Anthony Ladjar, der Gründer, wurde dabei von seiner Tochter inspiriert. Sei fragte ihn: „Papa, warum sind eigentlich die Motorräder auf den Gehsteigen?“ „Ich bin nicht bereit, meine Tochter in diesem Sinn zu erziehen“ gibt Ladjar offen zu und gründete die kleine Union. Klein sind sie allemal – mit 20 bis 30 Personen treffen sie sich jeden Freitag an besonders belebten Plätzen und demonstrieren – anhand stiller Proteste – mit Schildern zum Wecken des allgemeinen Problembewusstseins.
Seinem ersten Ersatz verlieh er allerdings ein Mehr an Beharrlichkeit und Durchsetzungsvermögen: Er blockierte die Fahrbahn, indem er sich kurzerhand auf den Boden legte. Eine spektakuläre Aktion – dauerhaft aber kann man so nicht vorgehen. Die Entscheidungsträger sind gefordert. Die Reaktionen auf den Event waren natürlich geteilt: Manche beschimpften ihn, andere aber sahen sehr wohl Sinn hinter der Sache und sprachen ihm ihren Respekt aus. Er hofft darauf, dass Tausende von Motorradfahrern von den Botschaften lernen und das eigene Verhalten künftig dahingehend anpassen werden.

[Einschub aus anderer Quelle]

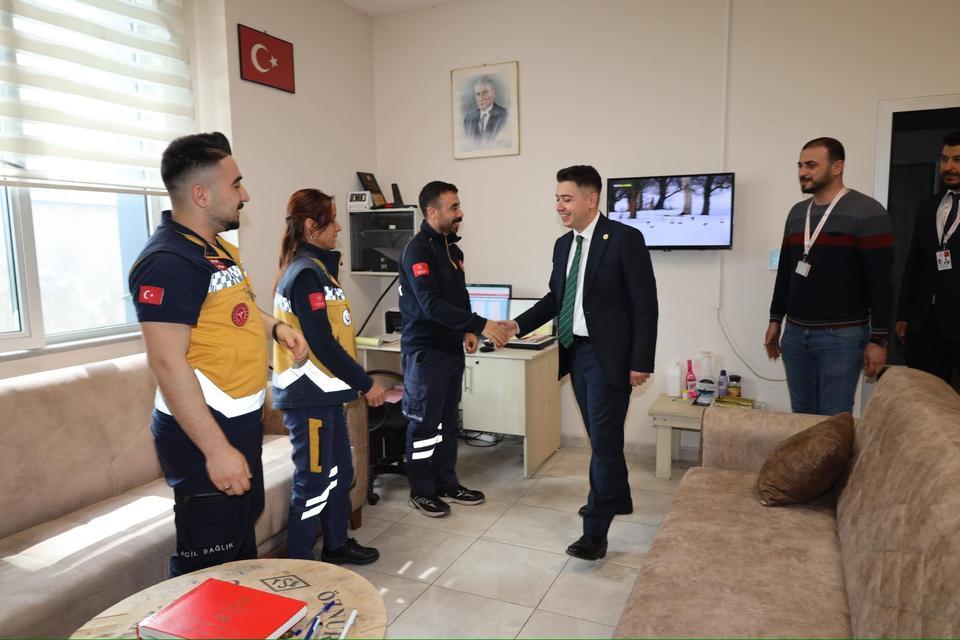 KAYMAKAM GÜNDOĞDU BAYRAMI GÖREVİ BAŞINDA GEÇİREN PERSONELLERİ UNUTMADI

Natürlich ist sich auch die Politik der Problematik bewusst und so wurde im Dezember 2011 ein Gesetz erlassen, welches den Ausbau der öffentlichen Verkehrsmittel zur Folge haben wird. Bis 2016 erst werden die wesentlichen Projekte abgeschlossen sein, so die Stadtväter. Realistischerweise kann man vorher auch mit keiner Entspannung rechnen. Denn die aktuell angebotenen Busse sind hoffnungslos überfüllt – zumindest zu den Stoßzeiten. Das wiederum lässt nur ein Ausweichen auf die Motorräder zu.
Nach offiziellen Angaben besitzen von den 25 Millionen Einwohnern knapp die Hälfte, nämlich 11,36 Millionen ein Kraftfahrzeug. Die kleine Aktion der Fußgänger allerdings trägt bereits Früchte im kleinen Rahmen – so wurde das Thema bereits von einem Bürgermeister aufgegriffen und es formieren sich in lokaler Hinsicht auch andere Sympathisanten der Idee, um auf die Lage aufmerksam zu machen. Selbst Kontakte mit Organisationen ähnlicher Ziele aus Deutschland wurden geknüpft.